Here is a map of Canada with two layers: rivers & provinces. Both sets of art are coloured nicely and the provinces layer even has an opacity reduction to make the rivers stand out a little.

Before transform

I’ve created a new coordinate system I’ve called ‘Miller Cylindrical Shifted’. I just made a copy of the ‘Miller Cylindrical’ coordinate system and then altered my copy’s central meridian to be 90 instead of zero. I did this so that if I reproject Canada into ‘Miller Cylindrical Shifted’, half of Canada should be on the left-hand side, and half should be on the right-hand side. Let’s see how MAPublisher 8.2 handles it:

After transform in 8.2

Yikes! The old reprojection engine had no idea that some of those lines were going off the end of the projection’s envelope!

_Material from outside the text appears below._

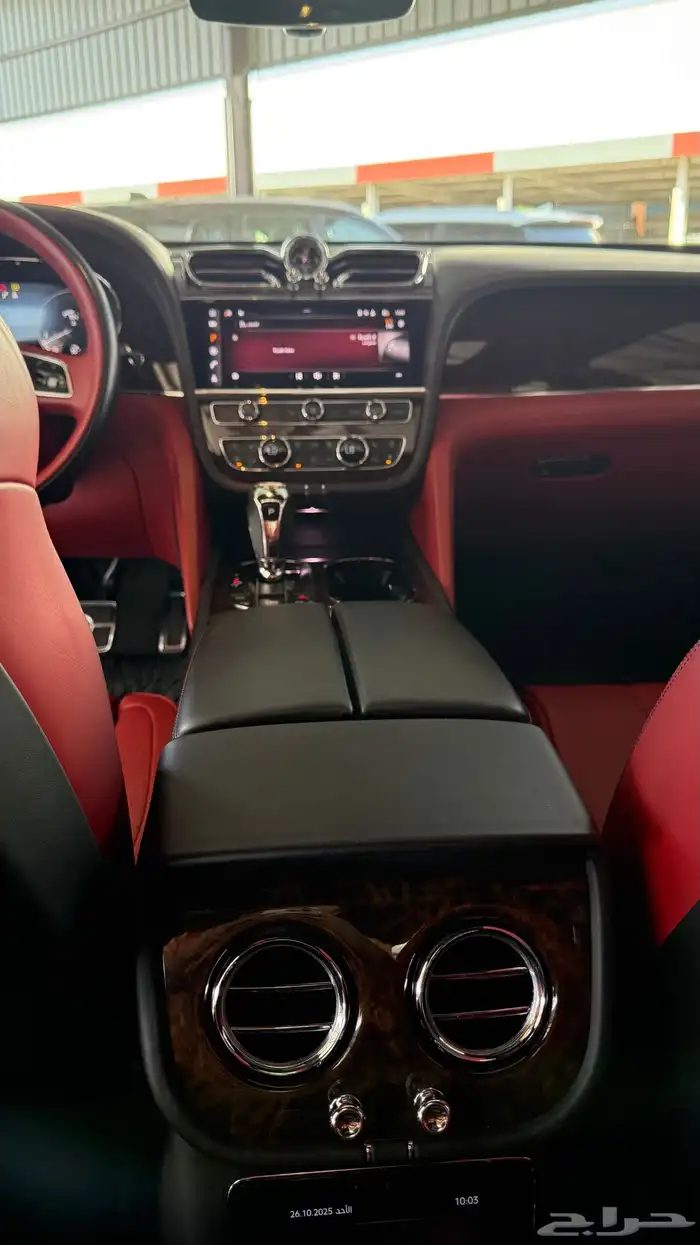 بنتلي بنتايجا 2022 10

Now let’s try it in MAPublisher 8.3 with the new reprojection engine:

After transform in 8.3

Wow! What a difference feature-by-feature makes! The new engine recognizes that those paths needed to be clipped and properly split polygons and lines as needed. It’s also important to note that the areas & lines are still intact. e.g. Northwest Territories was split, but it’s still a single compound path with all of its islands — some of those islands have simply been split into pieces. The split even preserves all the original path’s properties, including attributes and styles!